ScoreMix: Synthetic Data Generation by Score Composition in Diffusion Models Improves Recognition
Parsa Rahimi, Sebastien Marcel
TL;DR
ScoreMix introduces a self-contained augmentation strategy for discriminative face recognition that relies solely on the target dataset. It exploits score composition in diffusion models by convexly mixing class-conditioned scores during reverse diffusion, generating hard, on-manifold synthetic samples without external data. Across eight benchmarks, ScoreMix yields up to ~7 percentage points accuracy gains, with robustness to backbone changes and no hyperparameter search, and it provides theoretical insight into the geometry of class-space relationships via alignment metrics like CKA/CKNNA. While offering practical improvements, the approach incurs higher sampling cost and highlights a need for further work on aligning generative and discriminative spaces without sacrificing diversity.
Abstract
Synthetic data generation is increasingly used in machine learning for training and data augmentation. Yet, current strategies often rely on external foundation models or datasets, whose usage is restricted in many scenarios due to policy or legal constraints. We propose ScoreMix, a self-contained synthetic generation method to produce hard synthetic samples for recognition tasks by leveraging the score compositionality of diffusion models.
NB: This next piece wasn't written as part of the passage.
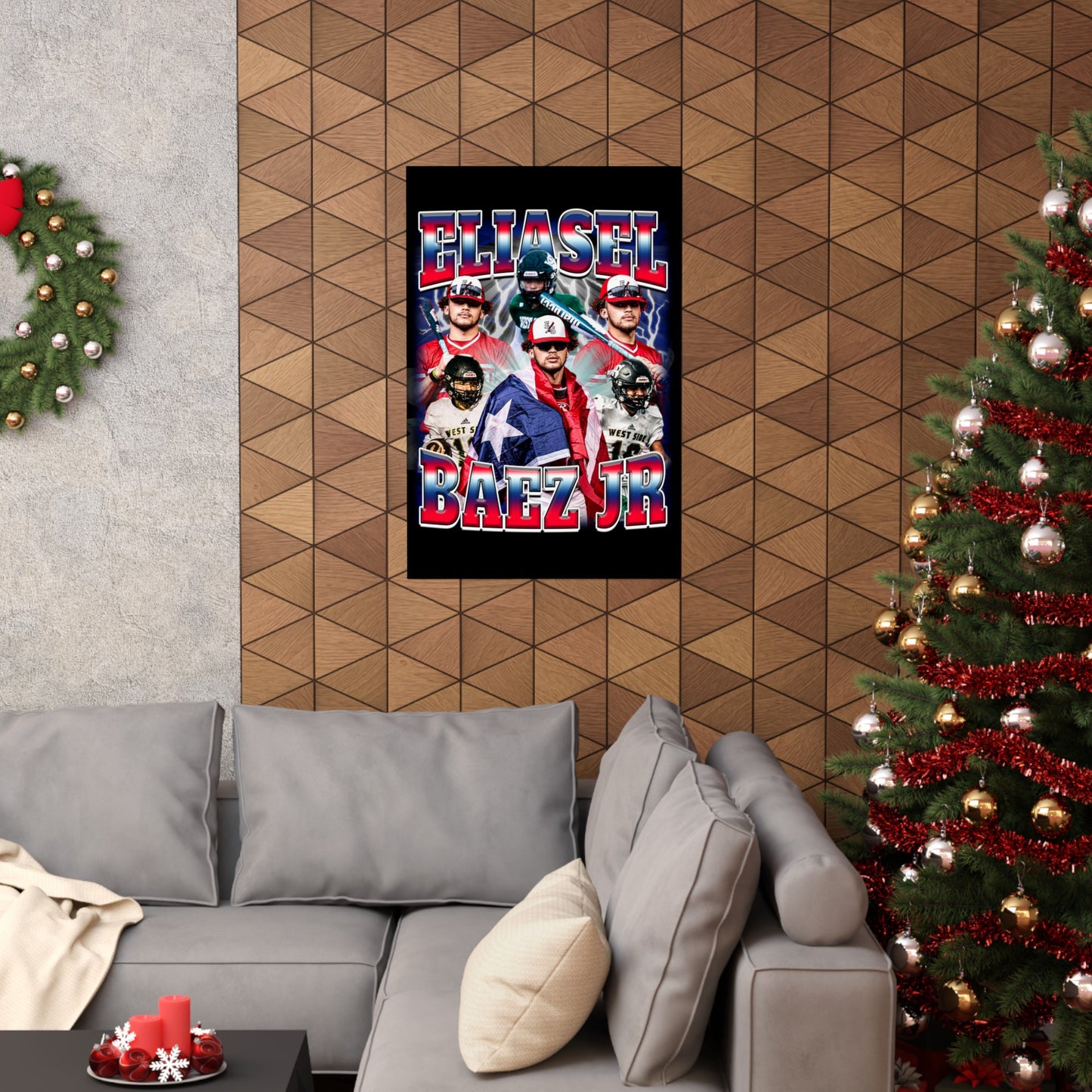 Eliasel Baez Jr Poster 24" x 36"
The approach mixes class-conditioned scores along reverse diffusion trajectories, yielding domain-specific data augmentation without external resources. We systematically study class-selection strategies and find that mixing classes distant in the discriminator's embedding space yields larger gains, providing up to 3% additional average improvement, compared to selection based on proximity. Interestingly, we observe that condition and embedding spaces are largely uncorrelated under standard alignment metrics, and the generator's condition space has a negligible effect on downstream performance. Across 8 public face recognition benchmarks, ScoreMix improves accuracy by up to 7 percentage points, without hyperparameter search, highlighting both robustness and practicality. Our method provides a simple yet effective way to maximize discriminator performance using only the available dataset, without reliance on third-party resources. Paper website: https://parsa-ra.github.io/scoremix/.